====== The input

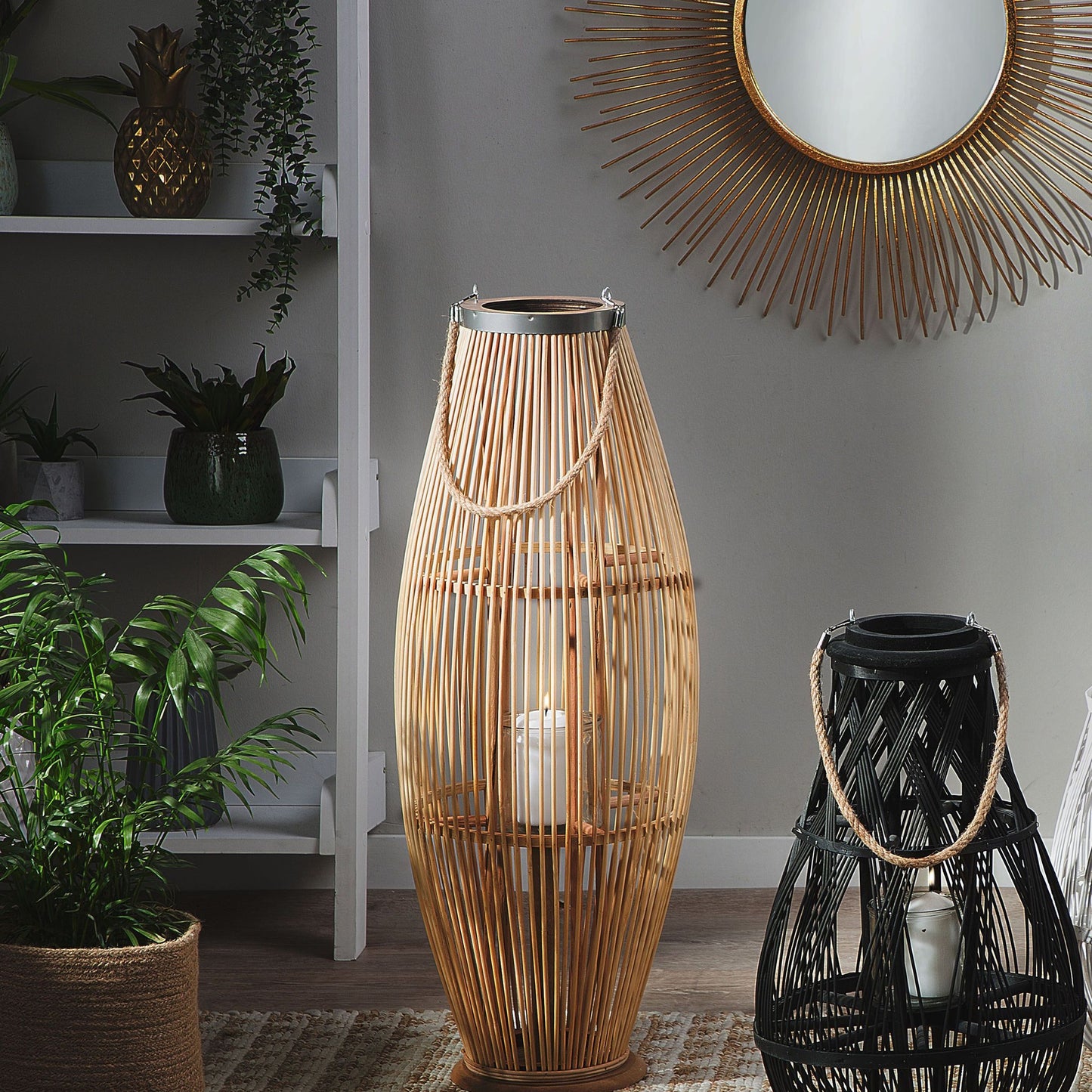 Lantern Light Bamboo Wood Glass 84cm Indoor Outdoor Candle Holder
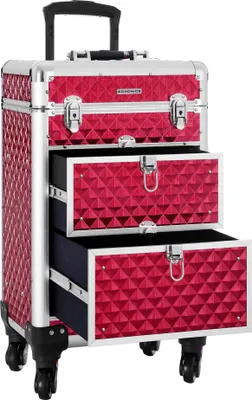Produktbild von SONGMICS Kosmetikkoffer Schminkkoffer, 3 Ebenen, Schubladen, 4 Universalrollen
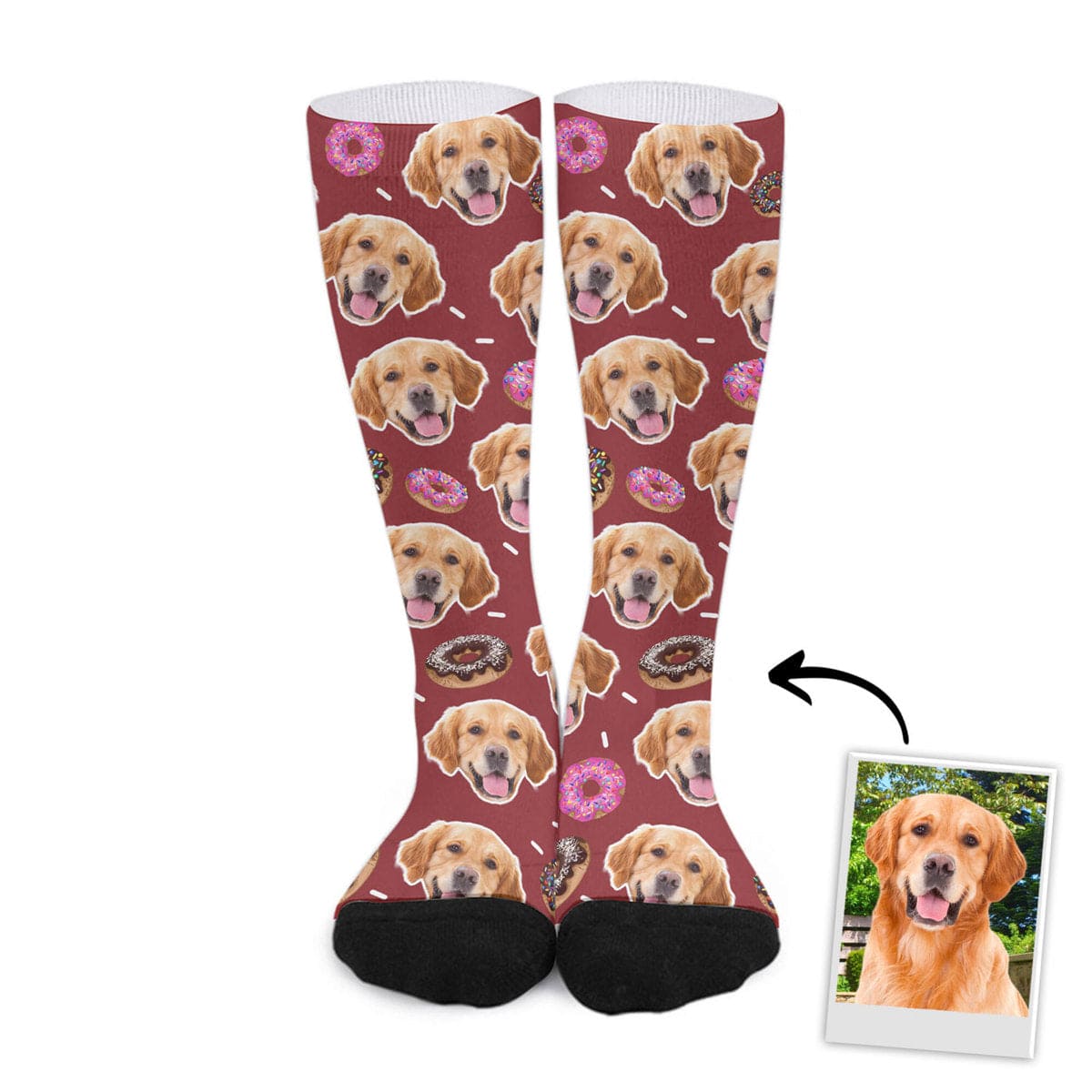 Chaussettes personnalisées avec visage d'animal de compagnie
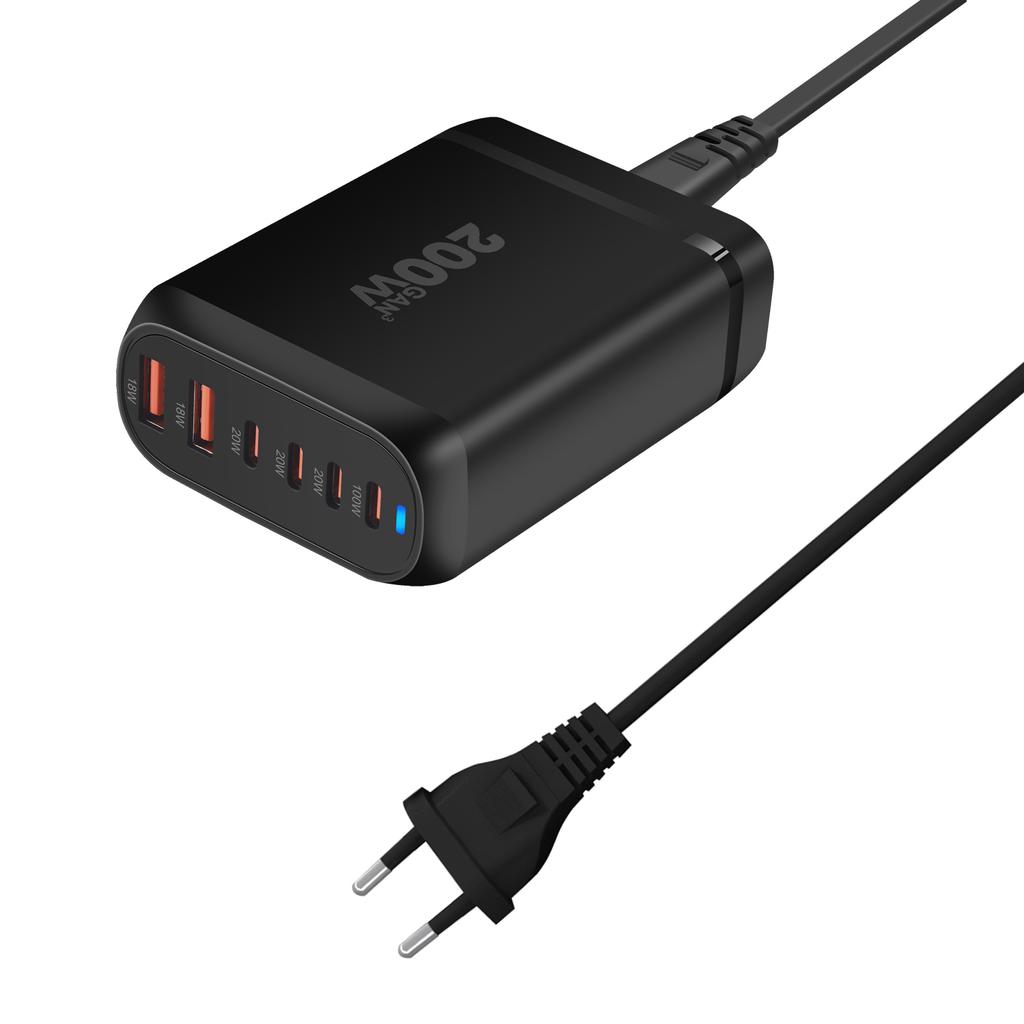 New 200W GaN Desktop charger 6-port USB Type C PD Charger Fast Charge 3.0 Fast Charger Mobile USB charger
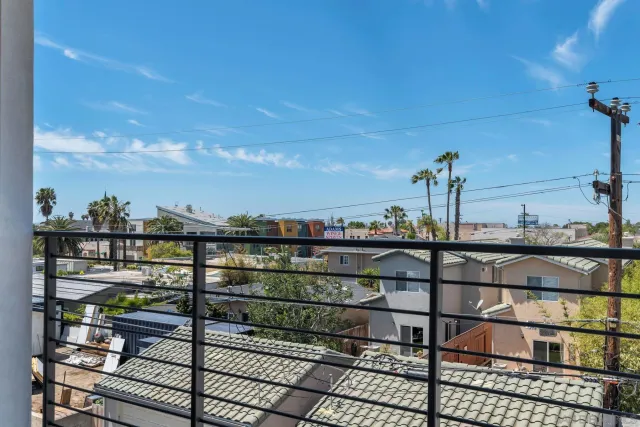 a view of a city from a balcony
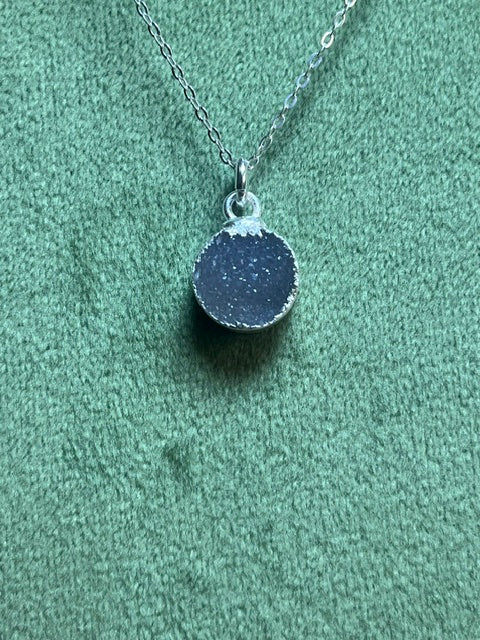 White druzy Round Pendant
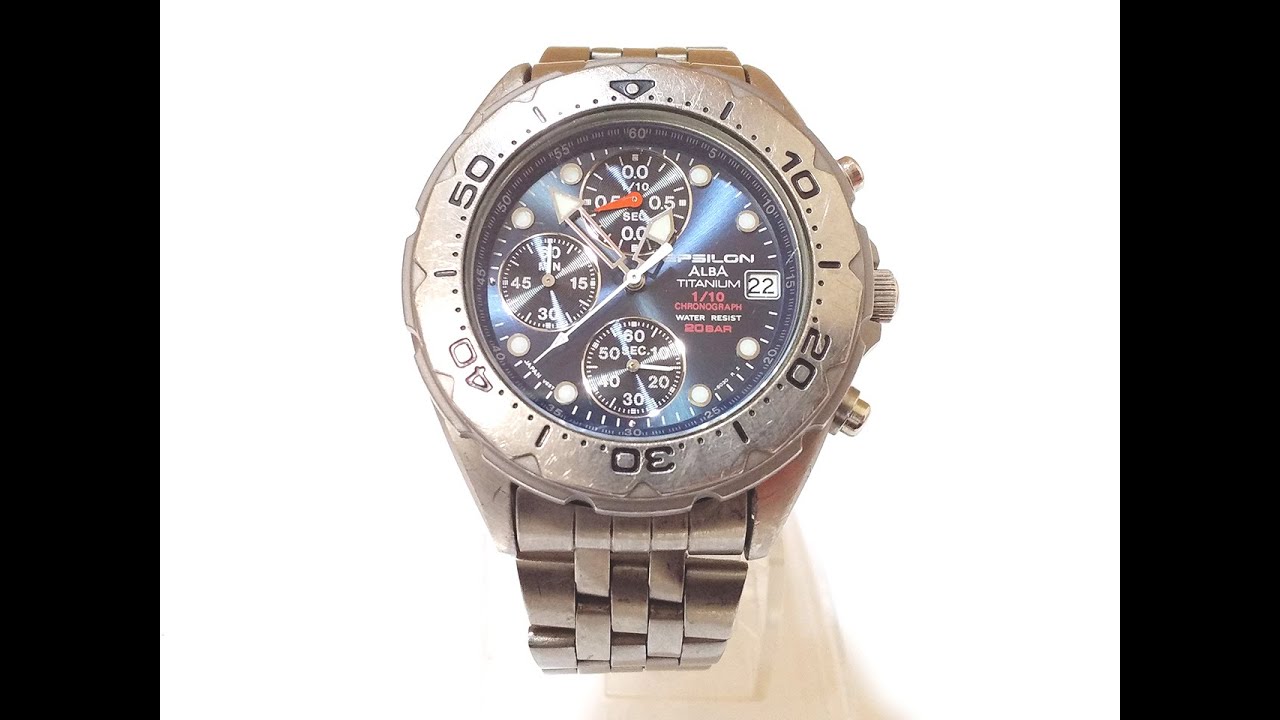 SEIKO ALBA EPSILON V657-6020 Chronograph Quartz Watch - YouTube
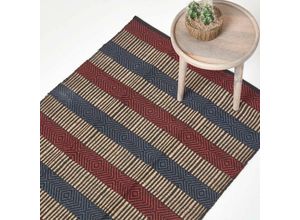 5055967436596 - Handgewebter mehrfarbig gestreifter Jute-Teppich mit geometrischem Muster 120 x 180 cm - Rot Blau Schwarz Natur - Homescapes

============

__Aim of the task__
Output every entry word for word, but omit the pictures.

__Task solution__
 Lantern Light Bamboo Wood Glass 84cm Indoor Outdoor Candle Holder
Produktbild von SONGMICS Kosmetikkoffer Schminkkoffer, 3 Ebenen, Schubladen, 4 Universalrollen
 Chaussettes personnalisées avec visage d'animal de compagnie
 New 200W GaN Desktop charger 6-port USB Type C PD Charger Fast Charge 3.0 Fast Charger Mobile USB charger
 a view of a city from a balcony
 White druzy Round Pendant
 SEIKO ALBA EPSILON V657-6020 Chronograph Quartz Watch - YouTube
 5055967436596 - Handgewebter mehrfarbig gestreifter Jute-Teppich mit geometrischem Muster 120 x 180 cm - Rot Blau Schwarz Natur - Homescapes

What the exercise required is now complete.